Add Galactic diffuse emission to model¶
We use both models at the same time, our diffuse model (the same from the Fermi file used before) and our model for the central source. This time, in order to make it more realistic, we will consider an exponential cut off power law spectral model for the source. We will fit again the normalisation and tilt of the background.
[34]:
diffuse_model = SkyDiffuseCube.read(
"$GAMMAPY_DATA/fermi-3fhl-gc/gll_iem_v06_gc.fits.gz"
)
background_diffuse = BackgroundModel.from_skymodel(
diffuse_model, exposure=maps["exposure"], psf=psf_kernel
)
[35]:
background_irf = BackgroundModel(maps["background"], norm=1.0, tilt=0.0)
background_total = background_irf + background_diffuse
[36]:
spatial_model = SkyPointSource(lon_0="-0.05 deg", lat_0="-0.05 deg")

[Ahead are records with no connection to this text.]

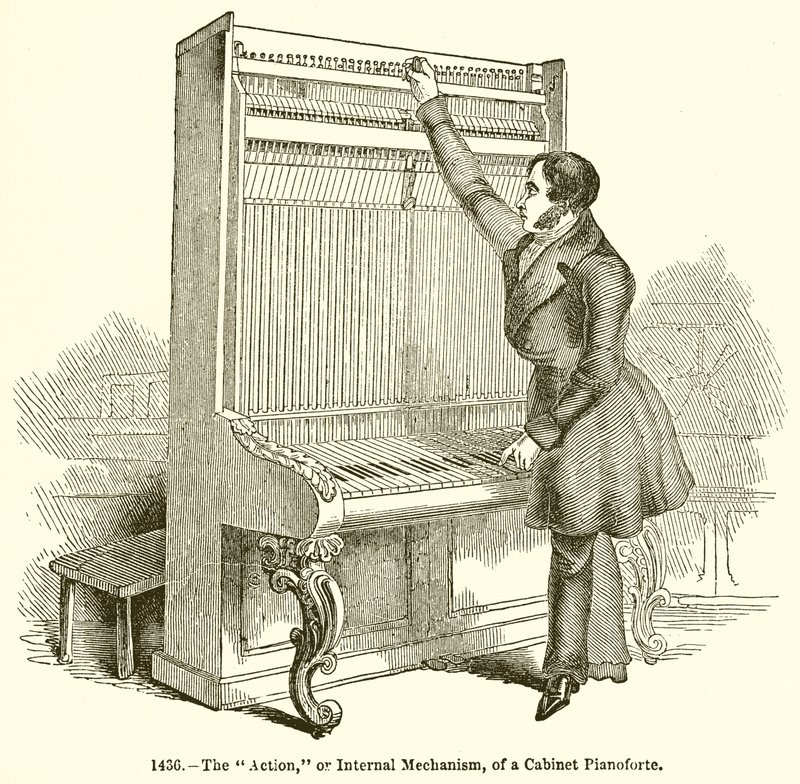Handlingen, eller den interna mekanismen, av ett kabinett Pianoforte av English School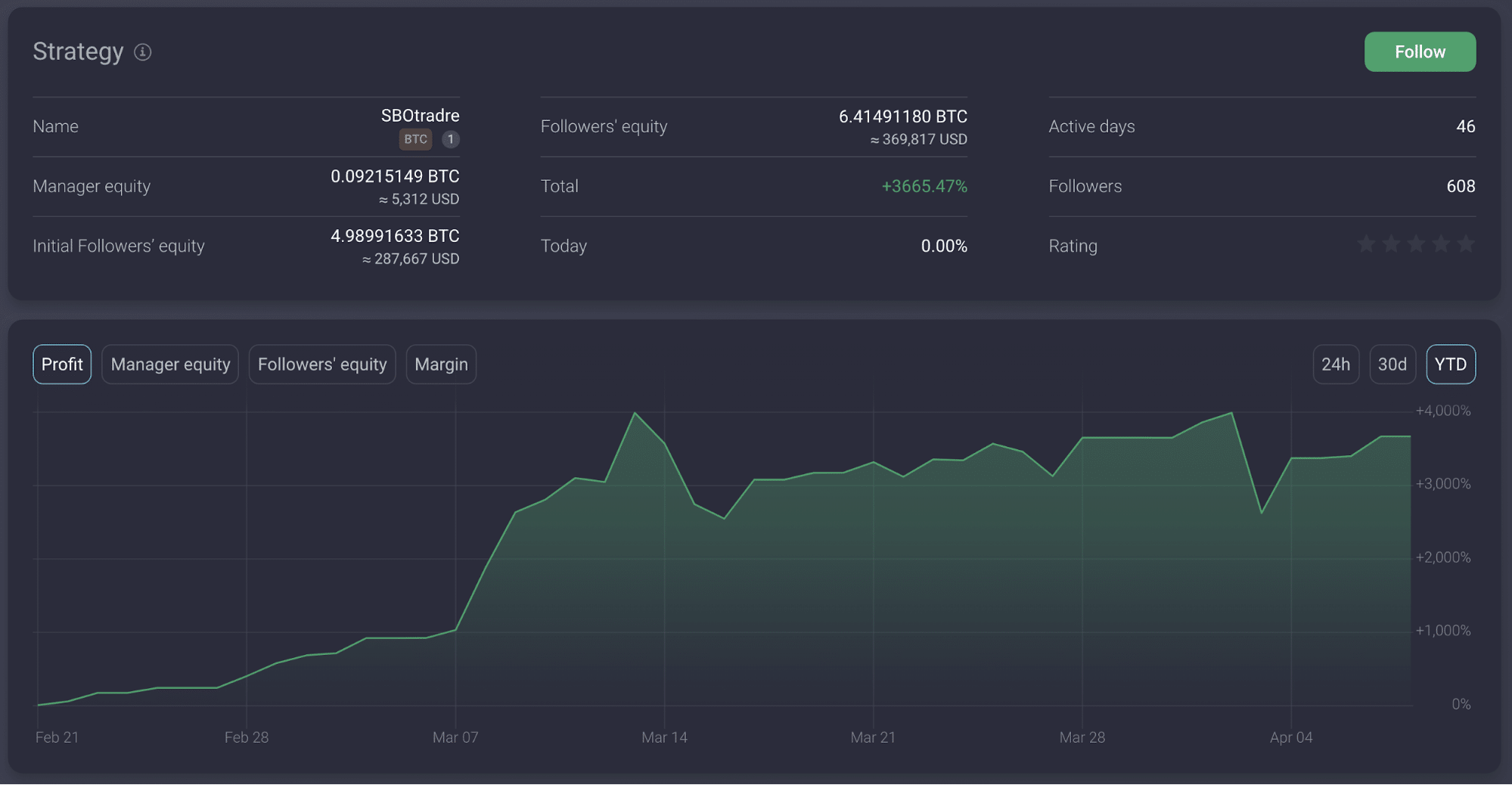 Top 5 Reasons To Give Covesting Copy Trading A Try In 2021 - 3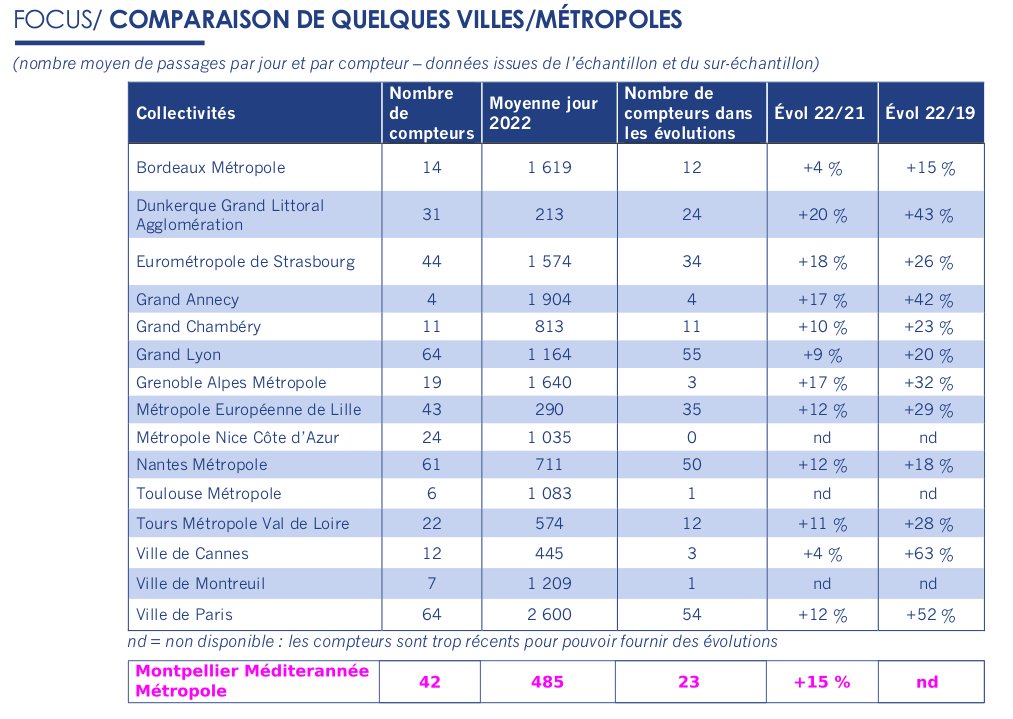 La métropole de <a href="/Montpellier3m/">Montpellier Métropole</a> ne fait pas (encore ?) partie de la Plateforme Nationale des Fréquentations de <a href="/VeloTerritoires/">Vélo & Territoires</a>.

Avec nos petits 💪 on a reconstitué la ligne manquante via les données <a href="/OpenData3M/">OpenData Montpellier</a> 🔽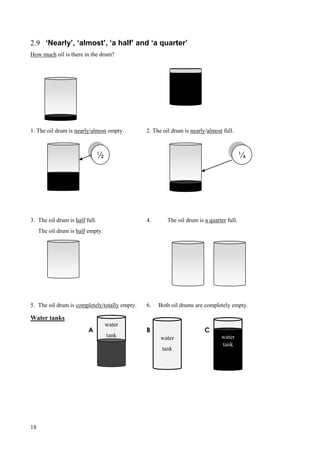 18
2.9 ‘Nearly’, ‘almost’, ‘a half’ and ‘a quarter’
How much oil is there in the drum?
1. The oil drum is nearly/almost empty. 2. The oil drum is nearly/almost full.
3. The oil drum is half full. 4. The oil drum is a quarter full.
The oil drum is half empty.
5. The oil drum is completely/totally empty. 6. Both oil drums are completely empty.
Water tanks
A B C
½ ¼
water
tank water
tank
water
tank
 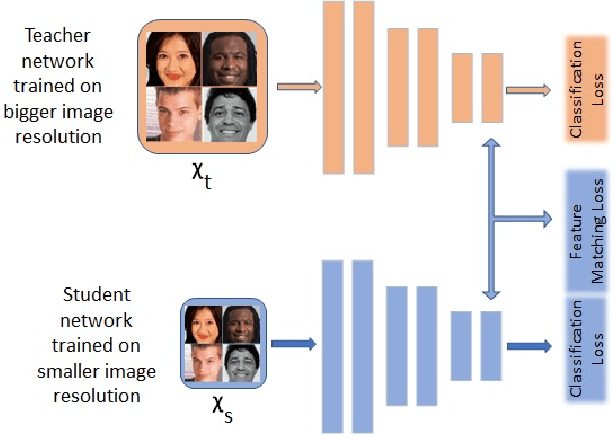 Figure 1 for Deep Face Recognition Model Compression via Knowledge Transfer and Distillation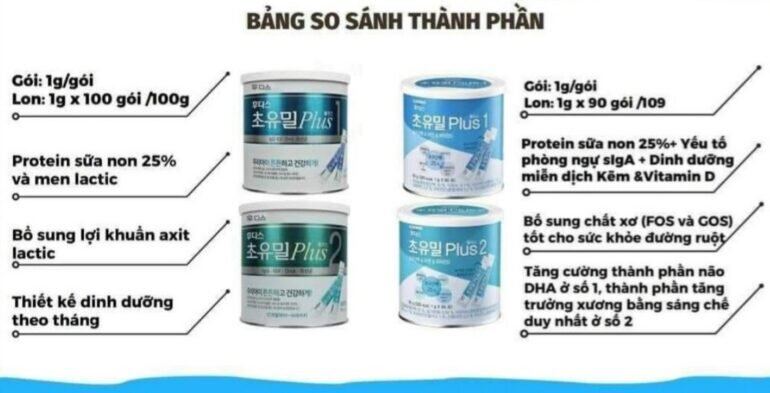 Những điểm mới của sữa non Ildong 1, 2 Hàn Quốc 90g mẫu mới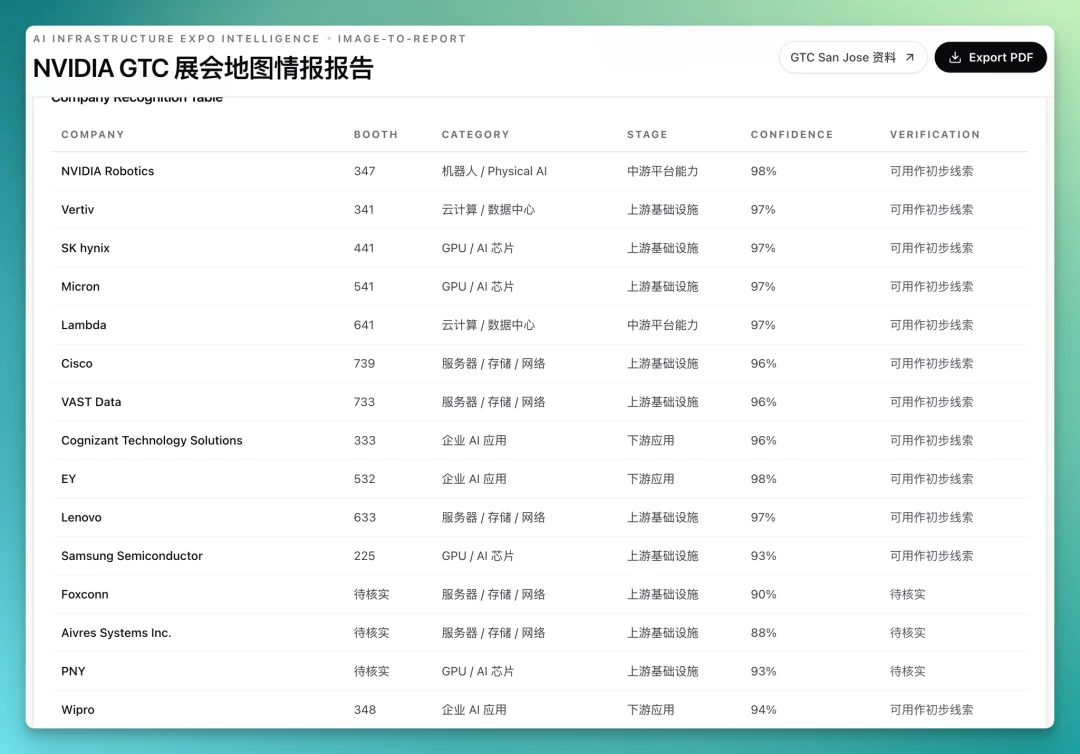 MiniMax 低调发布 M3 和 MiniMax Code，我们测完后有几点感受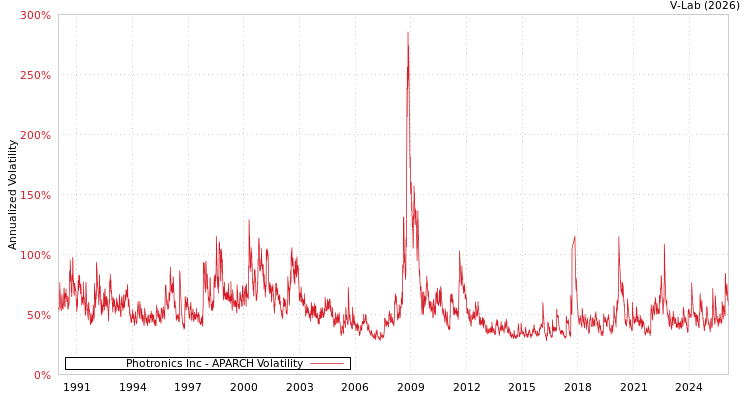 graph of Photronics Inc APARCH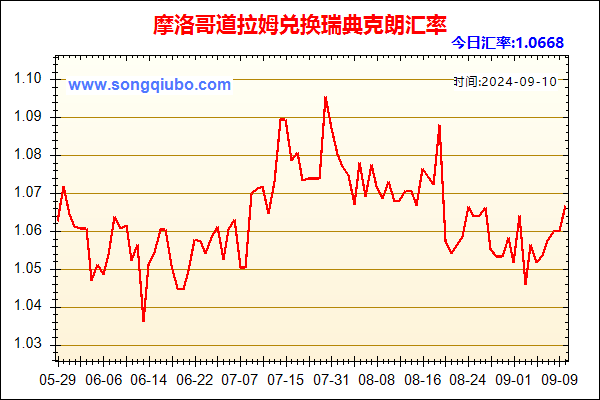 摩洛哥道拉姆兑人民币汇率走势图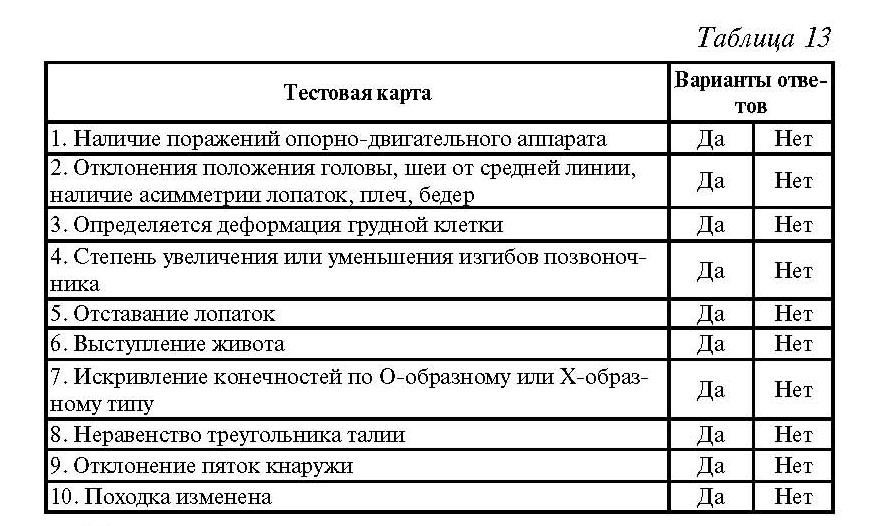 Реферат: Нарушения и заболевания костно-мышечной системы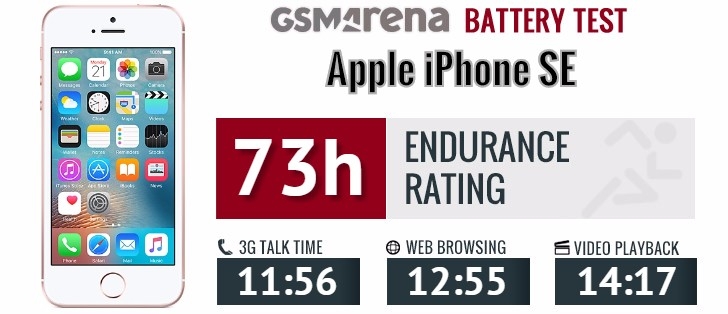 Đánh giá thời lượng pin của iPhone SE Đánh giá thời lượng pin của iPhone SE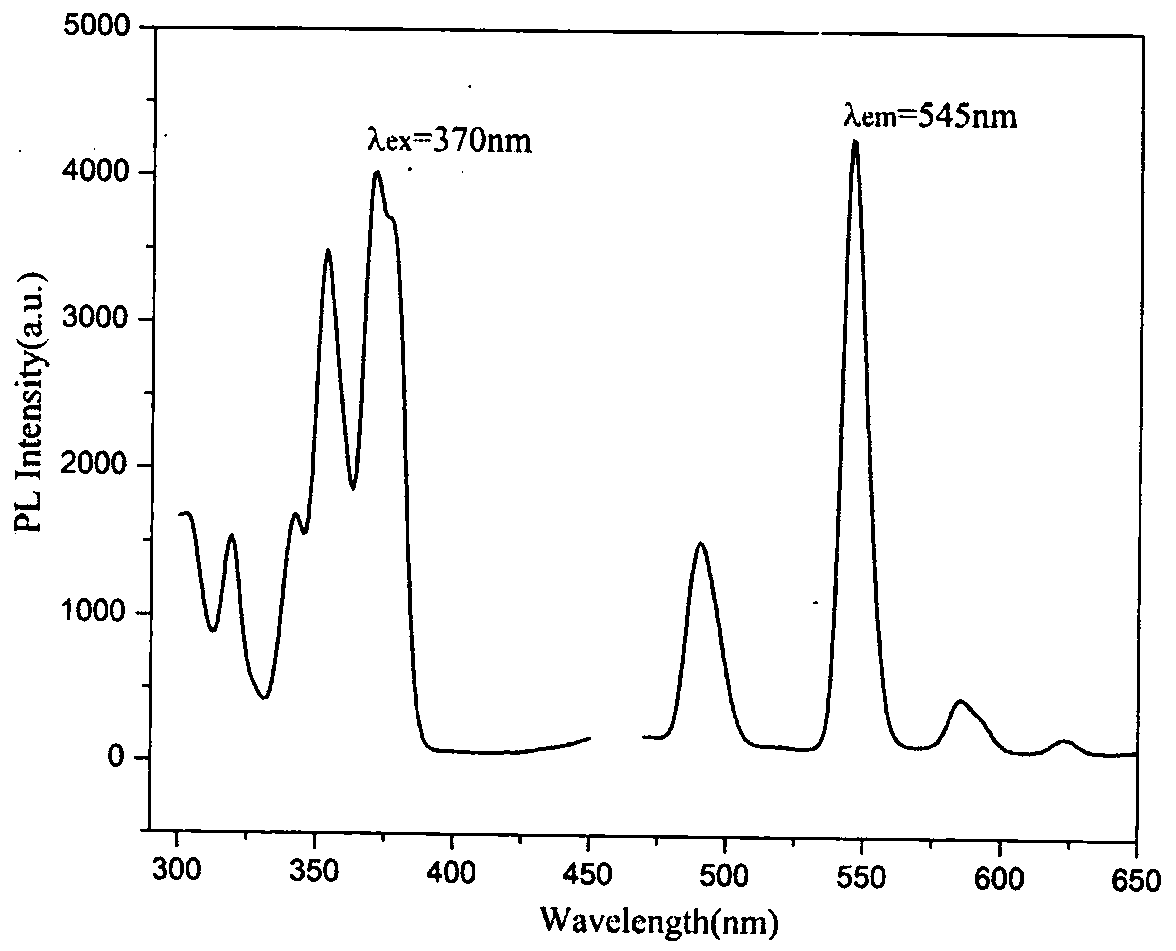 Terbium-doped calcium sodium phosphate glass ceramic photostimulated luminescence material and preparation method thereof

spectral_model = ExponentialCutoffPowerLaw(
index=2 * u.Unit(""),
amplitude=3e-12 * u.Unit("cm-2 s-1 TeV-1"),
reference=1.0 * u.TeV,
lambda_=0.1 / u.TeV,
)
model_ecpl = SkyModel(
spatial_model=spatial_model, spectral_model=spectral_model
)
[37]:
dataset_combined = MapDataset(
model=model_ecpl,
counts=maps["counts"],
exposure=maps["exposure"],
background_model=background_total,
psf=psf_kernel,
edisp=edisp,
)
[38]:
%%time
fit_combined = Fit(dataset_combined)
result_combined = fit_combined.run()
CPU times: user 21.6 s, sys: 1.23 s, total: 22.8 s
Wall time: 11.5 s
As we can see we have now two components in our model, and we can access them separately.
[39]:
# Checking normalization value (the closer to 1 the better)
print(model_ecpl, "\n")
print(background_irf, "\n")
print(background_diffuse, "\n")
SkyModel
Parameters:
name value error unit min max frozen
--------- ---------- ----- -------------- ---------- --------- ------
lon_0 -4.810e-02 nan deg -1.800e+02 1.800e+02 False
lat_0 -5.245e-02 nan deg -9.000e+01 9.000e+01 False
index 2.214e+00 nan nan nan False
amplitude 2.788e-12 nan cm-2 s-1 TeV-1 nan nan False
reference 1.000e+00 nan TeV nan nan True
lambda_ 4.409e-02 nan TeV-1 nan nan False
BackgroundModel
Parameters:
name value error unit min max frozen
--------- --------- ----- ---- --------- --- ------
norm 1.053e+00 nan 0.000e+00 nan False
tilt 0.000e+00 nan nan nan True
reference 1.000e+00 nan TeV nan nan True
BackgroundModel
Parameters:
name value error unit min max frozen
--------- --------- ----- ---- --------- --- ------
norm 8.763e-01 nan 0.000e+00 nan False
tilt 0.000e+00 nan nan nan True
reference 1.000e+00 nan TeV nan nan True
You can see that the normalisation of the background has vastly improved
We can now plot the residual image considering this improved model.
[40]:
residual2 = maps["counts"] - dataset_combined.npred()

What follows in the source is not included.